Hermanto v. Ashcroft

MEMORANDUM **

Sofjanarti Hermanto, a native and citizen of Indonesia, petitions for review of the Board of Immigration Appeals’ (“BIA”) decision affirming the Immigration Judge’s denial of her application for asylum and withholding of removal, and request for relief under the Convention Against Torture (“CAT”). We have jurisdiction under 8 U.S.C. § 1252. We review for substantial evidence, Lata v. INS, 204 F.3d 1241, 1245 (9th Cir.2000), and reverse only if the evidence compels a contrary conclusion, INS v. Elias-Zacarias, 502 U.S. 478, 483-84, 112 S.Ct. 812, 117 L.Ed.2d 38 (1992). We deny the petition for review.

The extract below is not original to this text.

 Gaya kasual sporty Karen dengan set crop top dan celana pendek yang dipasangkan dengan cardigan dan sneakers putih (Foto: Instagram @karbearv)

Even assuming Hermanto testified credibly, substantial evidence supports the BIA’s and IJ’s determination that she has not experienced persecution in Indonesia. Hermanto testified that she was not harmed at any time during any of the events she described, and was not present or protected by police during some of the events. See Prasad v. INS, 47 F.3d 336, 339-40 (9th Cir.1995) (finding no persecution or well-founded fear of persecution where applicant was stopped at roadblock, arrested, detained four to six hours, hit in stomach, kicked, and opposing ethnic group pelted house with stones and attempted to steal property); Nagoulko v. *123INS, 333 F.3d 1012, 1016-18 (9th Cir.2003) (holding that being teased, bothered, discriminated against, harassed, and fired from job because of religious beliefs did not rise to level of persecution); Fisher v. INS, 79 F.3d 955, 962 (9th Cir.1996) (en banc) (noting that persecution “does not include mere discrimination, as offensive as it may be.”). Moreover, there is an insufficient showing that the two robberies Hermanto describes were not merely the result of criminal activity. See Bolshakov v. INS, 133 F.3d 1279, 1281 (9th Cir.1998).

Substantial evidence also supports the BIA’s and IJ’s conclusion that Hermanto does not have a well-founded fear of persecution. See Rostomian v. INS, 210 F.3d 1088, 1089 (9th Cir.2000) (denying asylum because general civil strife was insufficient to establish well-founded fear of persecution); Singh v. INS, 134 F.3d 962, 967 (9th Cir.1998) (mistreatment must be “substantially more grievous in kind or degree than the general manifestation of hostility between competing ethnic and religious groups”).

We decline to address Hermanto’s claim that she established a pattern and practice of persecution because she did not exhaust this claim before the IJ or the BIA. See Ndom v. Ashcroft, 384 F.3d 743, 756 n. 8 (9th Cir.2004).

Because Hermanto failed to establish eligibility for asylum, she necessarily failed to meet the more stringent standard for withholding of removal. See Fisher, 79 F.3d at 960-61. Hermanto’s CAT claim fails because she did not demonstrate that it was more likely than not that she would be tortured if she returned to Indonesia. See Zheng v. Ashcroft, 332 F.3d 1186, 1194 (9th Cir.2003).

PETITION FOR REVIEW DENIED.

This disposition is not appropriate for publication and may not be cited to or by the courts of this circuit except as provided by Ninth Circuit Rule 36-3.